Dark Shadows Review: Are you thirsty?
Dark shadows is the latest offering from the gothic king of epic-weird, who gave us Edward Scissorhands, The Nightmare before Christmas and the remake of Willy Wonka and the Chocolate factory.
For those of you looking for a whole new kettle of fish from Burton’s usual layout, untried ground from Burton’s usual themes or visuals, the film offers little. It echoes a little of the quaint awkwardness of Edward Scissorhands; with Johnny Depp playing a freakish but lovable outcast trying to make him way with life and love in a modern and unfamiliar world. Despite thematic and stylistic similarities with Burton’s previous themes Dark Shadows, does stand out in some ways as a good film in its own right.
The film focuses on the ill-fated Barnabas Collins (Depp), the son of wealthy fish merchants who shares a few sexual tumbles with attractive servant Angelique Bouchard (Eva Green). Angelique falls into an obsessive love with him that he cannot requite. Love knows no fury like a woman scorned, especially when that woman happens to be a witch. The rejected Angelique curses Barnabas with vampirism and locks him in a box buried underground forever...or until 1972 when he’s excavated and he moves back in with his dysfunctional descendents.
Dark Shadows is the vampire film with a difference. No sparkles, no waiflike love interests and no apathetic pouting to speak off. The characters are expectedly strange and unexpectedly well rounded.
Michelle Pfieffer plays Elizabeth Collins Stoddard, the matriarch of the new Collins family with dignity while Helena Bonham Carter does well as the sardonic, alcoholic shrink hired to look after the psychologically damaged, adorable young nephew of the household, David (Gulliver McGrath). Chloe Moretz is owed a special mention as well as the bratty, uncouth teenage daughter of Elizabeth who speaks so brazenly and acts so inappropriately you want to slap her, but you can’t help but like her.
One character stands out of a good cast. Eva Green plays Angelique Bouchard with such a skilful mix of femme fatale and homicidal psychopath that it brings the concept of ‘bitch’ to dizzy new heights. For me personally she made the film.
Overall, Dark Shadows is enjoyable, quirky. It’s different in comparison to other films on offer at the moment but doesn’t really stand out too far from the rest Tim Burton’s films. If you saw it without the label, you’d still know to whom it belonged. The film’s tone varies from charming and kitsch to blackly humourous and in this way comes across as a little confused.
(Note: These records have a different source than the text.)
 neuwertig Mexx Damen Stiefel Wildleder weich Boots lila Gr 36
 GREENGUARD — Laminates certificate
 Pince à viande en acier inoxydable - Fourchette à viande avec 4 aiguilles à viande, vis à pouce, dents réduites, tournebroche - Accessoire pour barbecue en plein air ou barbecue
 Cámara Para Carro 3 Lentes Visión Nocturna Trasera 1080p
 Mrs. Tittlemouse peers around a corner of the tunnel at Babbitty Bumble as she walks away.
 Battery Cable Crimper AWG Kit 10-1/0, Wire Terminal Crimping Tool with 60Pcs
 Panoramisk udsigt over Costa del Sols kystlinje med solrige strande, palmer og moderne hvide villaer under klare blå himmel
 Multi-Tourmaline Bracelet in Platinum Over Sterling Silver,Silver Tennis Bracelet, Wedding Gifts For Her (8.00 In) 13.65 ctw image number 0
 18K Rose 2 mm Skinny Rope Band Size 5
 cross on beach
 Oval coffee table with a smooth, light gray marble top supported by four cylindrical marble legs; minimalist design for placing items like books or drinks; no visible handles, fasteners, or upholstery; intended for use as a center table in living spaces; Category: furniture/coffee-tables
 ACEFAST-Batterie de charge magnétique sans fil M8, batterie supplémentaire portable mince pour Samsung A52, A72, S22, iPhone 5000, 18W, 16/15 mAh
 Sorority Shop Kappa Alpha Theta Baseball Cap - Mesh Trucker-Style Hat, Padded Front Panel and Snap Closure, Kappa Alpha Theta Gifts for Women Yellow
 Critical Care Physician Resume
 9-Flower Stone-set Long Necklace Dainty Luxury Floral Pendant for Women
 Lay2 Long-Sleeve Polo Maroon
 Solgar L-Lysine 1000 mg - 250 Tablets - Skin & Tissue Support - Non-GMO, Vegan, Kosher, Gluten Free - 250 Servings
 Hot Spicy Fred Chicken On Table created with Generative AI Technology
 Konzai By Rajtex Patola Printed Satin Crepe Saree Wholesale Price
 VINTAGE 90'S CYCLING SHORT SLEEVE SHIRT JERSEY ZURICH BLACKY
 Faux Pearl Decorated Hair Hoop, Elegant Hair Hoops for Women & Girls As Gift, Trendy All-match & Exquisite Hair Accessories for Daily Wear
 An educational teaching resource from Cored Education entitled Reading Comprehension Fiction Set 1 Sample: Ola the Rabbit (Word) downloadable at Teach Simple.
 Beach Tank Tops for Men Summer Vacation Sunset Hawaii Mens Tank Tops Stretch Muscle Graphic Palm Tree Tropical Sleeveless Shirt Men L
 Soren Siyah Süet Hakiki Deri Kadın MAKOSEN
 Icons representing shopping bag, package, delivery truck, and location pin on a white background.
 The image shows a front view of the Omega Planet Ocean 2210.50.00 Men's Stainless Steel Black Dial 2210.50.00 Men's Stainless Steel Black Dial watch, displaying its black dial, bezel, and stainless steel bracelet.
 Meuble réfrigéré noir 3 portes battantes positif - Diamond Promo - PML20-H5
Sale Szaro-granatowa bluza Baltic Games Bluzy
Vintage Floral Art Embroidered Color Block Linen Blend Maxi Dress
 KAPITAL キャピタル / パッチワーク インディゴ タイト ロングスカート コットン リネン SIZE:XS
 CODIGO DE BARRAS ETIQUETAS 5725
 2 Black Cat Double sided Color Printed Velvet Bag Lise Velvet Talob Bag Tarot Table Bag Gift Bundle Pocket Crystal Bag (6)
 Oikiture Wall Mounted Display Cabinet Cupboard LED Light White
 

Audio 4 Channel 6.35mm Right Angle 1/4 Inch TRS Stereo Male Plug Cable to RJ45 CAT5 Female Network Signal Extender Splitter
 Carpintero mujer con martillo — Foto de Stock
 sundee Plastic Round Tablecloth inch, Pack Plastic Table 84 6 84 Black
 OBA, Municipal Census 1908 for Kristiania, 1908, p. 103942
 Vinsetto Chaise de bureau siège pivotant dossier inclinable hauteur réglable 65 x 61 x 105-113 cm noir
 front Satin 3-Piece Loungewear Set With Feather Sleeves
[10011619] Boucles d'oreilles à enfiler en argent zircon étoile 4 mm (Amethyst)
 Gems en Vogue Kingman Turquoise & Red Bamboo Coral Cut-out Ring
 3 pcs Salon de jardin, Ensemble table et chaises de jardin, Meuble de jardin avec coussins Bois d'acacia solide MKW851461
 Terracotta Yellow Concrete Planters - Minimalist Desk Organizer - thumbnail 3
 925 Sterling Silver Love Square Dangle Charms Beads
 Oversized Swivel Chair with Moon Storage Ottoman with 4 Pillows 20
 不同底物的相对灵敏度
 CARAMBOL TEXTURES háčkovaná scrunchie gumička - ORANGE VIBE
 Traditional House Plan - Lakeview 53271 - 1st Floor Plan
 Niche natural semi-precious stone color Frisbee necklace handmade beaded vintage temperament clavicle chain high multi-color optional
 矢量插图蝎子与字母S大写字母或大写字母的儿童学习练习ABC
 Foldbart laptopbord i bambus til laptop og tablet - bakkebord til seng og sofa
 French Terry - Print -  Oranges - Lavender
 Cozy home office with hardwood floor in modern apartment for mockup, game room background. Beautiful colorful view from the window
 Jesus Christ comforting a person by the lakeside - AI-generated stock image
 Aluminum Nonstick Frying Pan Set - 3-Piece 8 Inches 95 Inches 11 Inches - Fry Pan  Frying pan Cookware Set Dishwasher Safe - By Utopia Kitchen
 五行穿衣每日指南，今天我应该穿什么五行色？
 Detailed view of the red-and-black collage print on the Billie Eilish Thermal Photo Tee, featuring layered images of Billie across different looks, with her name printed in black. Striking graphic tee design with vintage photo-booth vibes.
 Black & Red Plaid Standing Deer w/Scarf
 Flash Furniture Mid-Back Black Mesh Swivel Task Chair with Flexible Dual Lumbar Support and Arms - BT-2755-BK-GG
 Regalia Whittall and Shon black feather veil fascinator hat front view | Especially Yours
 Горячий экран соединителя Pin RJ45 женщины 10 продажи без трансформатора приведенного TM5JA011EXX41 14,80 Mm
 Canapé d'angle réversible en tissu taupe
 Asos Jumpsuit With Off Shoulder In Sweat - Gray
The plot also runs away with itself a little at the end, but it’s an enjoyable romp though ‘WTF?’ all the same.
The cinematography leaves nothing to be desired. It’s a great looking film; clean, crisp and bright- a pleasure to look at.
If you want to catch a film that makes you laugh, makes you think and makes you want to rethink dating, Dark Shadows is a sound choice for you. With one of the most bizarre love-making scenes in history and a little cameo from Cassie from Skins (Hannah Murray) Dark Shadows is certainly worth a try. Go ahead, have a bite!